Çarşamba günü Amman’da yapılan Suriye Halkının Dostları Çekirdek Grup Toplantısı’nda bir araya gelen 11 ülkenin dışişleri bakanları da “Esad rejiminin, yapılması planlan Barış Konferans’ını engellemeye kalkması durumunda, muhaliflere verilen desteğin artırılacağı” uyarısında bulunmuştu. Bakanların toplantı sonunda yaptıkları açıklamada, uluslararası konferansın belirli bir takvimde “geçiş hükümetinin” kurulmasına odaklanacağı bildirildi.
Esad koltuğunu koruyacak mı?
ABD Dışişleri Bakanı Kerry, Esad'ın ülkeyi yönetmeye devam etmesini düşünmenin zor olduğunu, yine de buna Suriye halkının karar vermesi gerektiğini vurguladı.

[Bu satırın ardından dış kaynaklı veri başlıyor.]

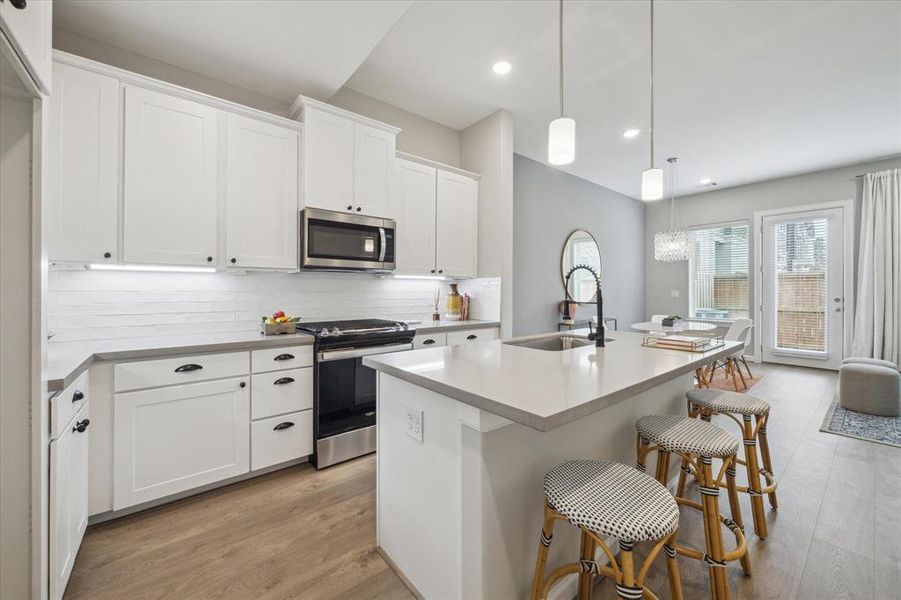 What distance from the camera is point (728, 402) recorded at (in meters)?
1.87

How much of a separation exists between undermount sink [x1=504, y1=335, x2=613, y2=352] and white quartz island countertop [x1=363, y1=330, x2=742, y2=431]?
302 mm

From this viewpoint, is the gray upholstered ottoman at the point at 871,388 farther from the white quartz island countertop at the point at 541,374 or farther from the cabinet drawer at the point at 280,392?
the cabinet drawer at the point at 280,392

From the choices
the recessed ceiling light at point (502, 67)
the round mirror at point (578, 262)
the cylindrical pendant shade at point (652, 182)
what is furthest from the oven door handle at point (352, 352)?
the round mirror at point (578, 262)

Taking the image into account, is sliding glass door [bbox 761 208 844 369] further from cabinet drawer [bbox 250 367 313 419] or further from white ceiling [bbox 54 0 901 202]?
cabinet drawer [bbox 250 367 313 419]

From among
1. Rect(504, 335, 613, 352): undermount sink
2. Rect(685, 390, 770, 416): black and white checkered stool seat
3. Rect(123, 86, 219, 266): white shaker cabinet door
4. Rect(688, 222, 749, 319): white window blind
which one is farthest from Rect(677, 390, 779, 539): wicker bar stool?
Rect(688, 222, 749, 319): white window blind

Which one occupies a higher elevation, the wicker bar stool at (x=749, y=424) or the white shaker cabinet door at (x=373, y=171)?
the white shaker cabinet door at (x=373, y=171)

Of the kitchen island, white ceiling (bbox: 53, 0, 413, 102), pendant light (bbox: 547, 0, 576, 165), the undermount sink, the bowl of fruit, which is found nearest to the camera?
the kitchen island

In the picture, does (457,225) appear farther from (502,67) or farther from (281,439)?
(281,439)

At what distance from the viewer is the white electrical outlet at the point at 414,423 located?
4.50 feet

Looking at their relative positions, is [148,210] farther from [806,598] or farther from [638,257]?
[638,257]

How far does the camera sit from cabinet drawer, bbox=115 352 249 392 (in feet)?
6.09

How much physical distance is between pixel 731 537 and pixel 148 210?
11.8 ft

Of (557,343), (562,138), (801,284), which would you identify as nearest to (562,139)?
(562,138)

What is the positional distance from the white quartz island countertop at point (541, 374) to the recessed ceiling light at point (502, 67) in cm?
225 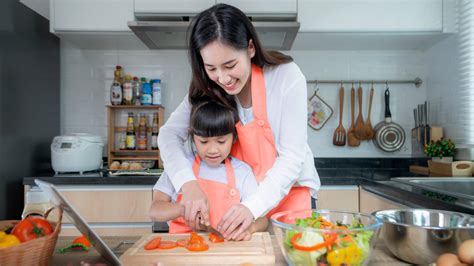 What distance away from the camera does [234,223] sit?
969mm

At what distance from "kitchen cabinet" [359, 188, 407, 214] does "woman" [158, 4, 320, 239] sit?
23.9 inches

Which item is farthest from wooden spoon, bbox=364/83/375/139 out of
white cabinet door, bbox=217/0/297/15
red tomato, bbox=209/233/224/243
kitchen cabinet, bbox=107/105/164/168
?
red tomato, bbox=209/233/224/243

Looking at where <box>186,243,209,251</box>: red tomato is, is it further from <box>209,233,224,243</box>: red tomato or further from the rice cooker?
the rice cooker

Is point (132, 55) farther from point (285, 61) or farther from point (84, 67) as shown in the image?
point (285, 61)

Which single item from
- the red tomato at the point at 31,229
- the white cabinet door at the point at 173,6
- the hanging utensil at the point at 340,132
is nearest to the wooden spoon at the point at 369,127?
the hanging utensil at the point at 340,132

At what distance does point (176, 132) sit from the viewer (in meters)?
1.33

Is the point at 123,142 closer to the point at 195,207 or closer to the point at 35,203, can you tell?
the point at 35,203

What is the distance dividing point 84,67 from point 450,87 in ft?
7.49

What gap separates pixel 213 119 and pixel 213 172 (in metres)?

"Sağduyu sahibi herkese sormak isterim, bir müzakere süreci düşünün. Kendi halkına karşı yine kimyasal silah kullandığı iddia edilen, 70 binden fazla kişinin ölümüne sebep vermiş birisinin- ki bu sayı 100 bine doğru çıkıyor- kadınların, çocukların ve üniversite öğrencilerinin üzerine ağır silahlarla, Scud füzeleri ve tanklarla saldıran birisinin, aklı selim herhangi bir kişi tarafından gelecekte ülkeyi yönetebilecek güven ve meşruiyete sahip olabileceği düşünülebilir mi."
Türkiye de Esad’ın koltuğunu korumasının mümkün olamayacağı düşüncesinde. Dışişleri Bakanı Ahmet Davutoğlu, eli kana bulaşmış olanların müzakere sürecinde yer almamasının “ilkesel ve ahlaki bir tutum olduğunu” belirtmiş, Suriye devleti içinde olup da eli kana bulaşmamış olanların müzakerelere katılmasına destek vereceklerini kaydetmişti.
Muhaliflerin temsil gücü
Uluslararası konferans hazırlıkları sürerken Suriye’de çatışan tarafların gerçekten de barış masasına oturup oturmayacağı belirsizliğini koruyor. Federal Alman Meclisi’nin Dışişleri Komisyonu üyelerinden Joachim Hörster, DW’ye verdiği demeçte bu ihtimali, şöyle değerlendirdi:
"Görüşmelerde eğer insanî durumu öne çıkarmak mümkün olabilirse -ki buna kimsenin bir itirazı yok, zaten savaşan taraflar da insani felakete son verilmesini gerektiğini iddia ediyor- o zaman ilerleme kaydedilebilir. Esad’ın kendisi de Suriye Konferansı’na olumsuz yaklaşmadı. Hatta bu konferansın düzenlenmesini iyi bulduğunu söyledi. Bununla birlikte konferansın akılcı bir çözümü sağlayabileceğine dair umudunun da az olduğunu kaydetti. Ama 'Ben bu konferansın yapılmasını istemiyorum' ile 'Konferansın bir faydası olabilir ama sonuçlarının işe yarayacağına dair şüphelerim var' sözleri arasında büyük fark var. Diğer yandan muhalifler konusunda, muhatap olunacak aktörlerin kimliği konusunda büyük zorluklar mevcut. Kim, kimdir? Biz, kiminle pazarlık edeceğiz ve bu kişinin ne kadar salahiyeti vardır? Bu kişi muhaliflerin çoğunluğunu temsil ediyor mu? Ortada yanıtlanması çok zor sorular var ama bu zorluklar kimseyi korkutmamalıdır."